The Saturday between Good Friday and Easter Sunday . . . it seems to be a time that gets little reference. Sometimes I wonder why we treat it as so insignificant.
It certainly wasn't insignificant for Jesus' disciple. Everything they had known for the last three years was thrown into confusion.
They were in between and left with what seemed like no hope. They didn't know what was coming. That Saturday, all they knew was that Jesus had been crucified and was dead.
And along with that went their dreams, their plans, their hope.
It's not a place we like to sit, because it's unpleasant. It's hard. It's dark. It's scary. We don't like to dwell on those things unless we know something good is coming.
So, we quickly jump to the resurrection. We want to jump right to the good - jump over the bad.
But in doing so, I think we miss some lessons that can only be learned in those in-between times.
If we're really honest, we can probably all share our own stories of living in the in-between. Of living in-between the death of something good and the start of something new.

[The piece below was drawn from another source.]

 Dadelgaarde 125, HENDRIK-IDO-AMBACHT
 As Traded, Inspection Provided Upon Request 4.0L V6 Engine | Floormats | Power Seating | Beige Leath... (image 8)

We can identify more with the disciples on Saturday than we care to. We know what it's like to lose hope. To walk the hard, dark road.
That road may look different for each of us based on our own life experiences, but we've walked the road ourselves.
And looking back, we see all that we learned in those times. We see the lessons learned in the in-between. We see how we have become who we are from those times in our lives.
I would guess that each of the disciples was shaped by that time in between - when they learned the full truth of who Jesus was and what He had come to do.
We are profoundly shaped by what we learn in the in-between.
Maybe we need to become better at learning to pause in those times. And maybe we can learn to do that better by pausing on the Saturday between Good Friday and Easter Sunday and remembering what it must have been like for Jesus' disciples and friends on that day.
If we take the time to do that, it makes Easter Sunday an even greater reason to celebrate. We've felt the loss of hope and now we can celebrate the fullness of greater hope than we could ever have comprehended without the time in-between.
How do you do at living life in the in-between?
Have you learned lessons that have shaped who you are today in the in-between?